> Exercise directions: Transcribe the entries below word for word, beginning at the line with "Bootloader. Bootloader is" and stopping after the line with "If you see your"; drop all pictures.

(Collection entries)
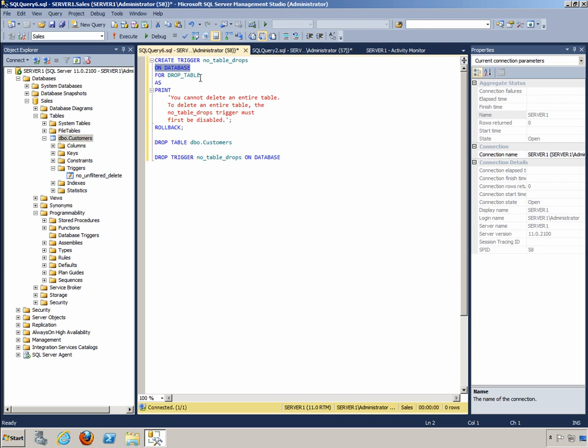We're just going to give them a message: you cannot delete an entire table. To delete an entire table, the no table drops trigger must first be disabled. And then we simply roll back the transaction. That's all we have to do. We really don't need a logical construct here because we're protecting against table deletion. We know we don't want it to happen, and therefore we can just roll back anytime a request is made.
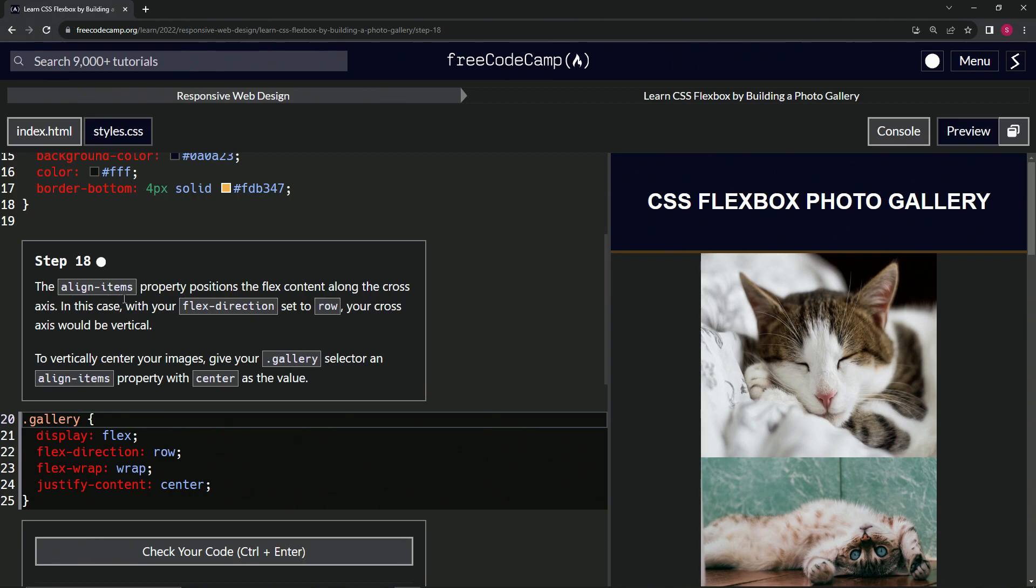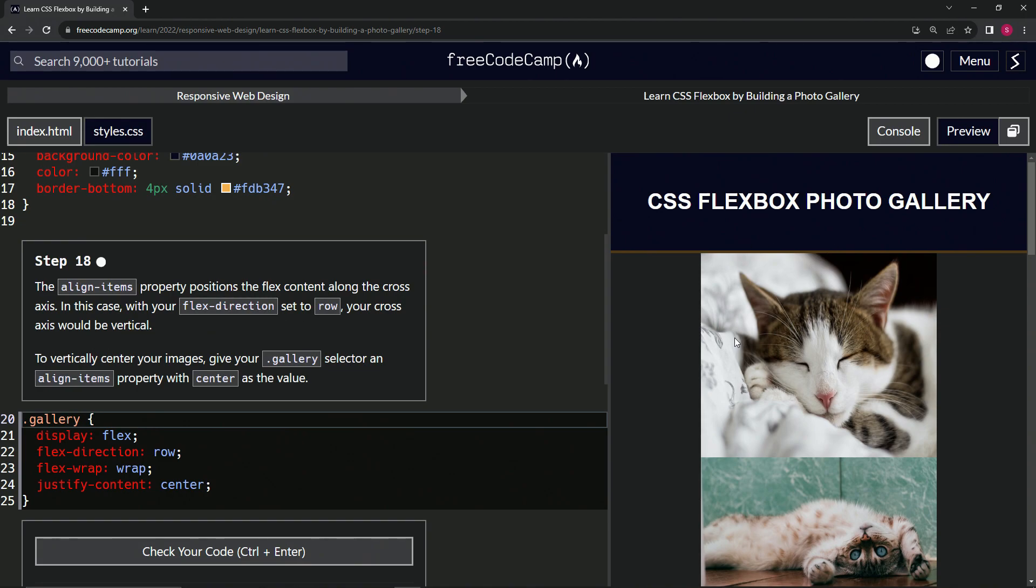The align items property positions the flex content along the cross axis. In this case, with our flex direction set to row, our cross axis would be vertical. Okay, so I guess the cross axis goes up and down.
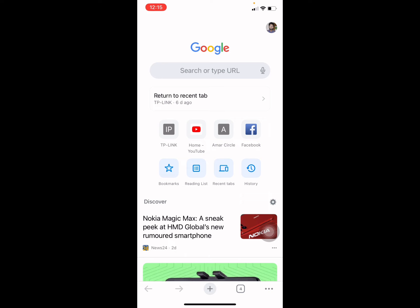This is how you can easily allow or disallow pop-ups on your iPhone for Safari and Chrome browsers. Thank you.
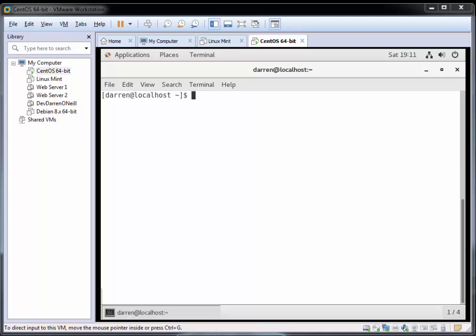Hi there, this is Darren O'Neill from darrenoneill.eu and Darren's Tech Tutorials. In this video I'm going to show you how to install the NGINX web server on CentOS 7.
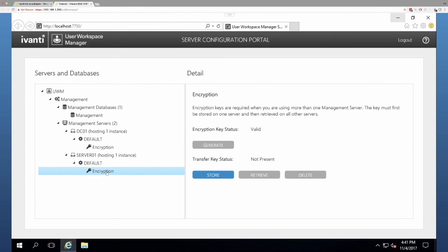All right. So that's adding a second management server and making sure that you sync your encryption keys. Thanks for joining us.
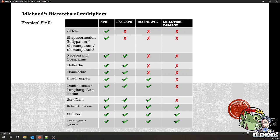Some of you may be asking where ignore defense is and where penetration is. Ignore defense is part of DEF reduct — we discussed that in the DEF 101 and 102 videos. DAM reduct is where penetration is. We haven't talked about that yet, but I think that will be the next video after this.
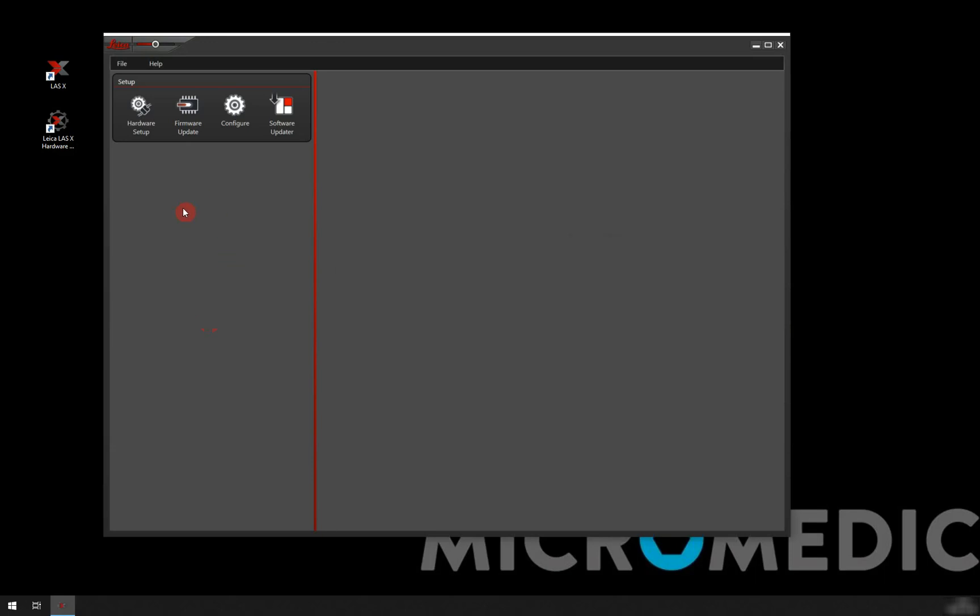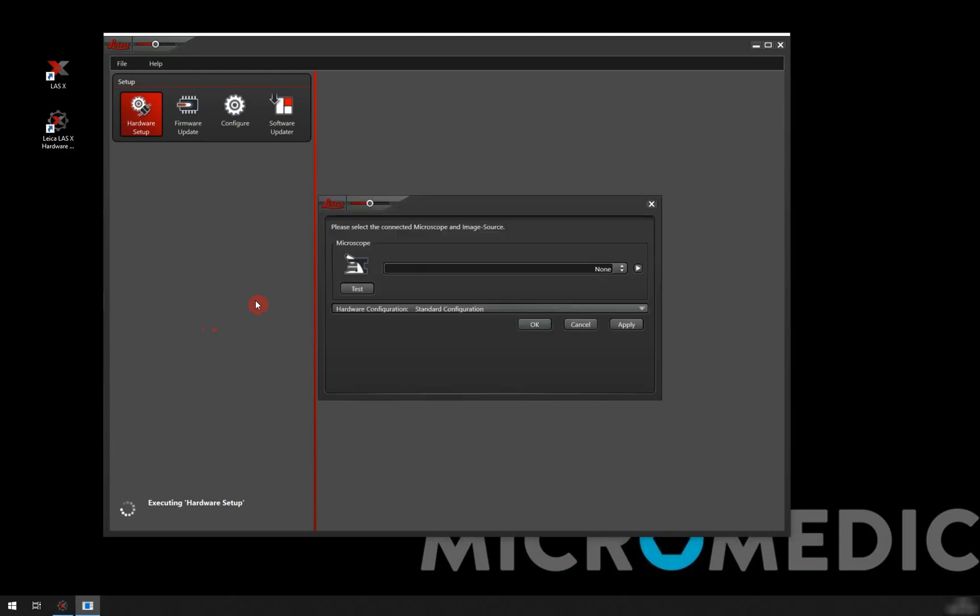Once in here we're going to start by going into the hardware setup. This is where we tell the software what type of microscope we have, which model.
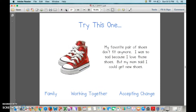Let's try this one. My favorite pair of shoes don't fit anymore. I was so sad because I love those shoes, but my mom said I could get new shoes. Thumbs up or down for family? I don't think that's about family. Thumbs up or down for working together? That's a little tricky because it talked about mom and myself, but thumbs down for working together.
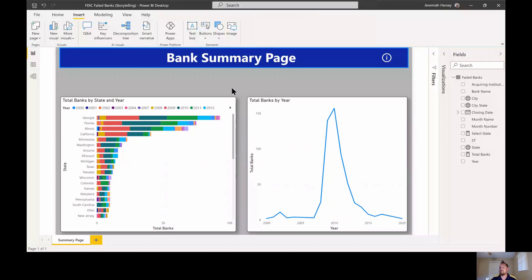Hi, welcome to the Hersey House. I'm Jeremiah Hersey and today we're going to be talking about how to create a bookmark within Power BI. So let's take a look and get started. Here we are inside the Power BI desktop and what we're going to be doing today is creating bookmarks, or isolated views of our Power BI report.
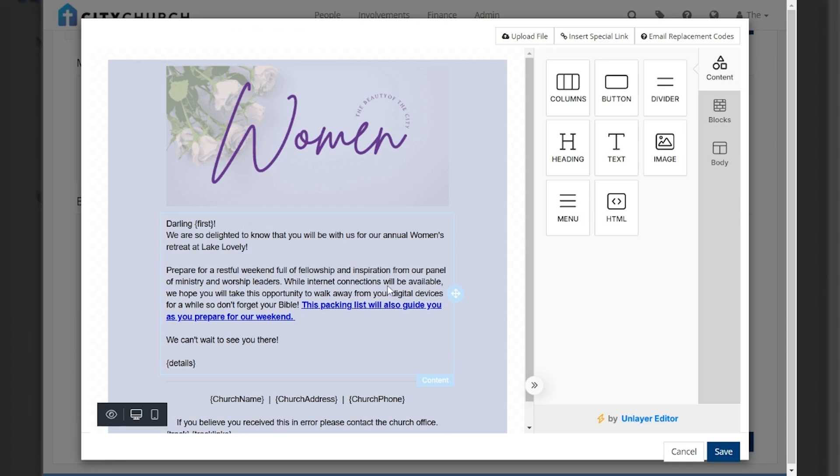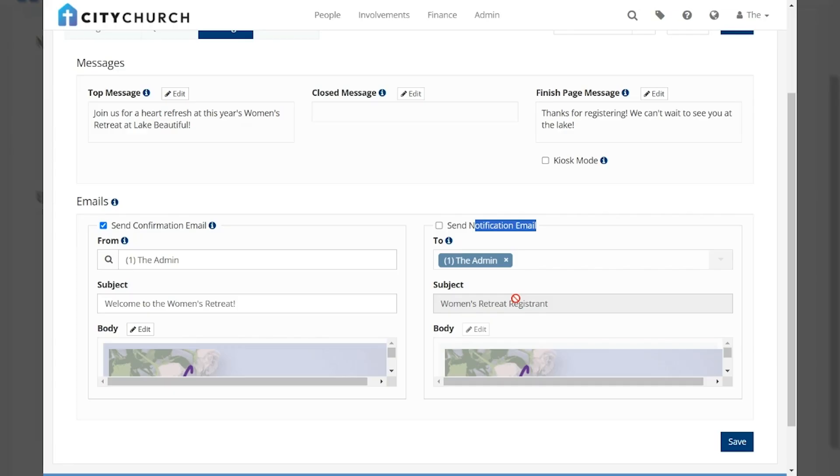Please also note that both emails can be independently edited to provide as much or as little information as needed. So if your registrant needs detailed instructions, uploads, or additional links you can include those just like any other email while at the same time providing your ministry leader with just the facts.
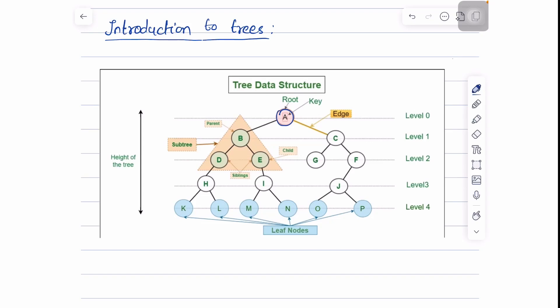In this lecture, let us see about the introduction to trees. A tree is a data structure which can be defined as a set of one or more nodes where one node is designated as the root node and all the remaining nodes can be partitioned into a non-empty set, each of which will form the subtree of the root node.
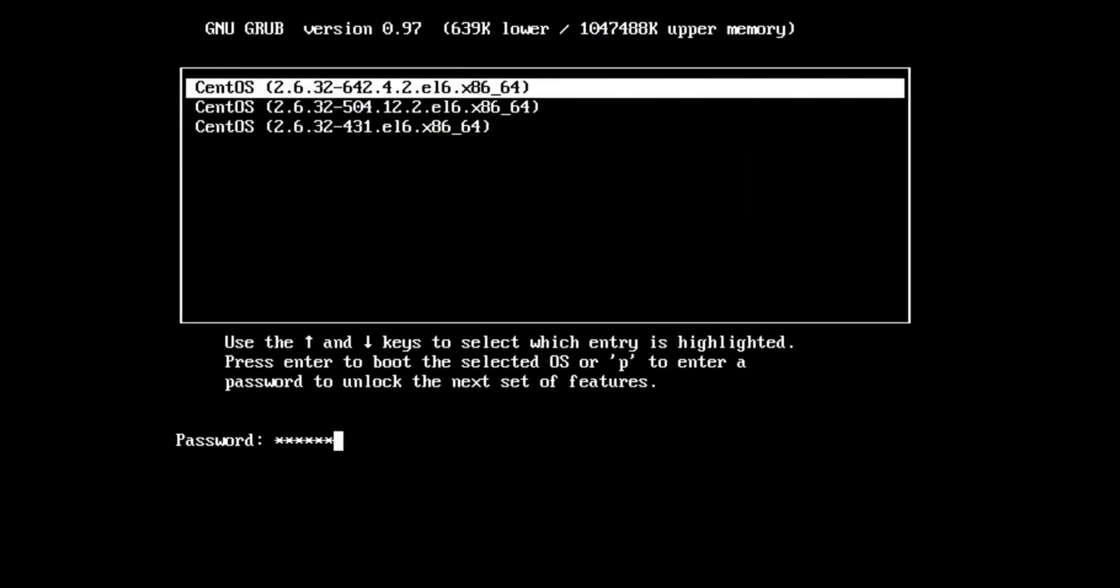Bootloader. Bootloader is the software that manages the boot process of your computer. For most users, this will simply be a splash screen that pops up and eventually goes away to boot into the operating system.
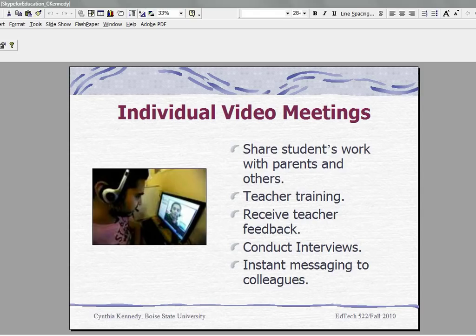This concludes our tutorial on how you can use Skype in Education for individual video meetings. I hope you enjoyed. Thank you.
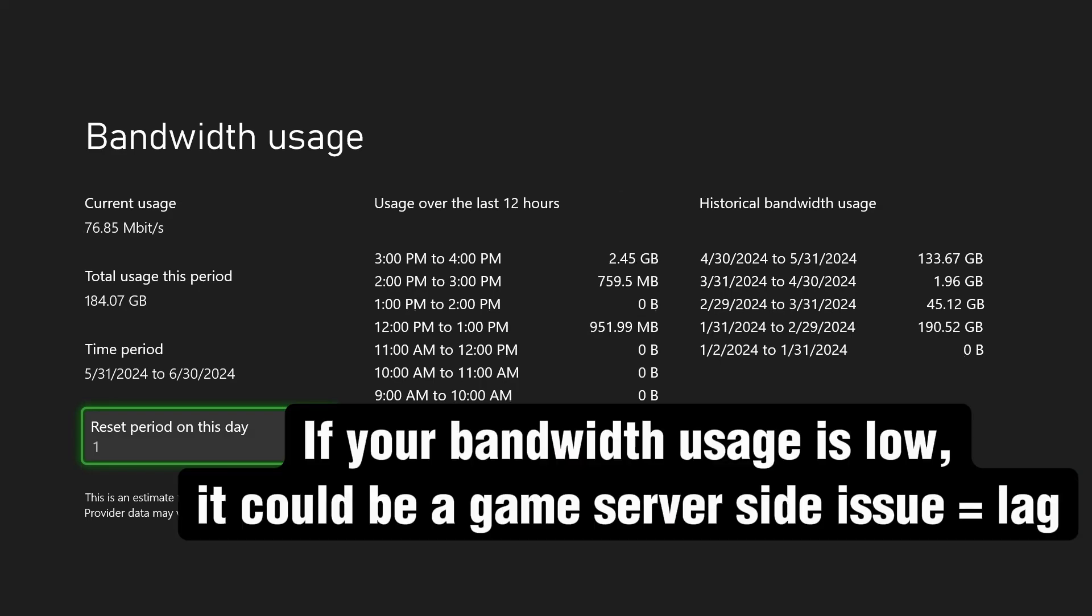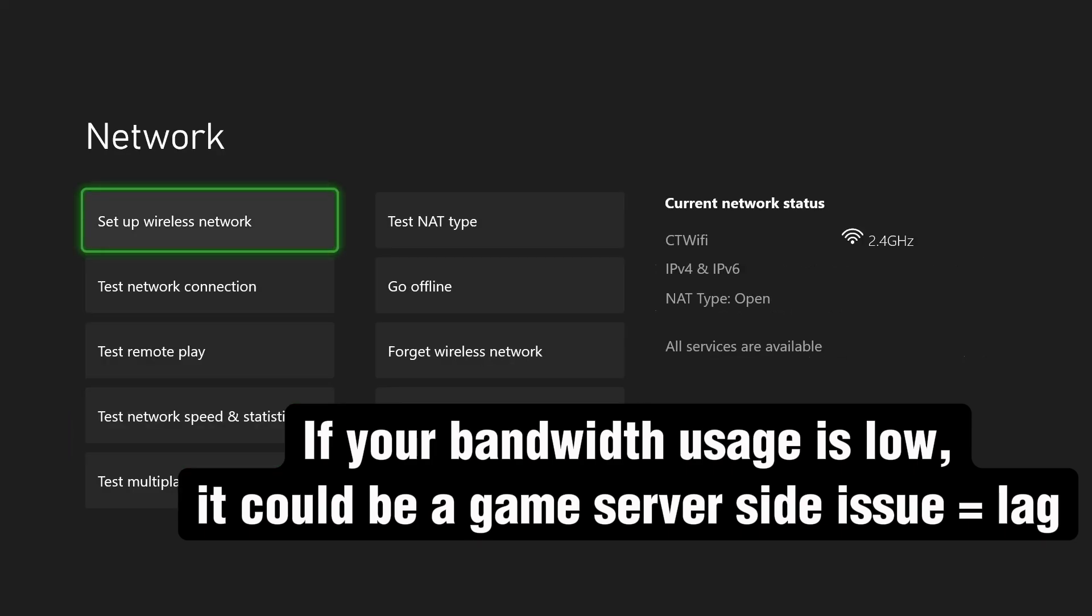If you see your current usage at those types of levels where it's almost peaking out for your download speed, this could very likely be that something's going on on your console, or a lot of people are using your internet watching 4K videos.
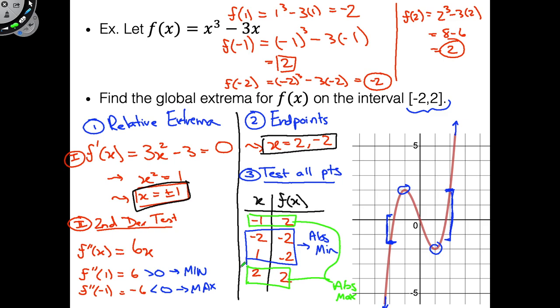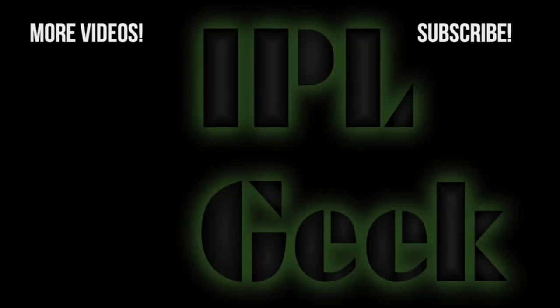So that's the process of how we calculate absolute maxes and mins. I hope you understood firstly what absolute extrema are relative to relative extrema, and then how to go about this process. That's it for this video — if you found it helpful please like, share, subscribe, leave a comment, and check out some other videos. See you next time.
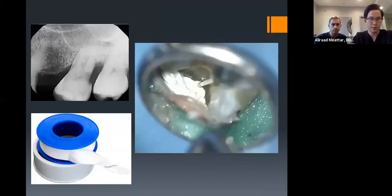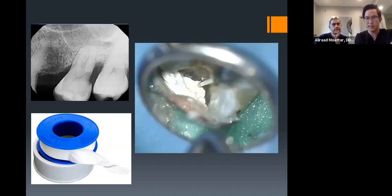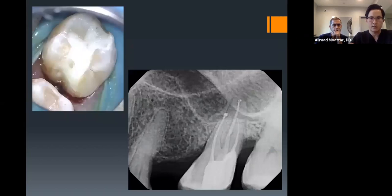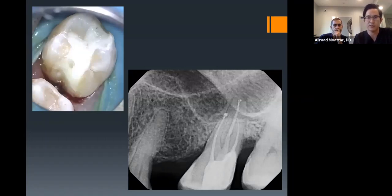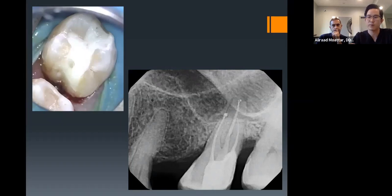Another copper band case: upper right first molar with deep distal-buccal decay. Used a copper band, packed teflon tape in the gaps to seal them — teflon tape is very useful for wedging and packing to seal gaps. Fluted the margin to mimic the natural contour of the tooth. The final result: with a meticulously isolated seal and no leakage, very confident in the bonding — comfortable placing a margin onto resin composite. This is a deep margin elevation case.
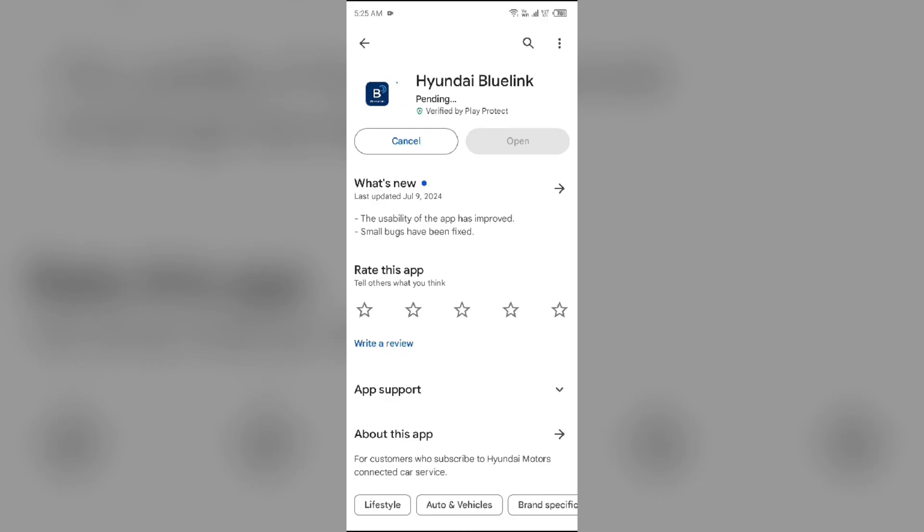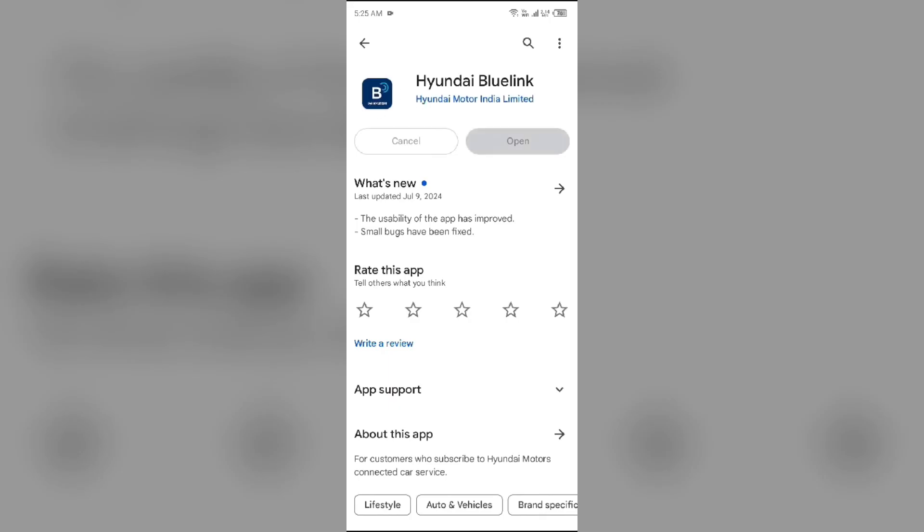If none of the above methods work, the issue may be that the Hyundai Blue Link app server is down. In such cases, you may need to wait for some time and try again later. Thank you for watching our video, and we hope these solutions help resolve the Hyundai Blue Link app issue for you.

> Answer to the exercise:
Bootloader. Bootloader is the software that manages the boot process of your computer. For most users, this will simply be a splash screen that pops up and eventually goes away to boot into the operating system.
This concludes our tutorial on how you can use Skype in Education for individual video meetings. I hope you enjoyed. Thank you.
If you see your current usage at those types of levels where it's almost peaking out for your download speed, this could very likely be that something's going on on your console, or a lot of people are using your internet watching 4K videos.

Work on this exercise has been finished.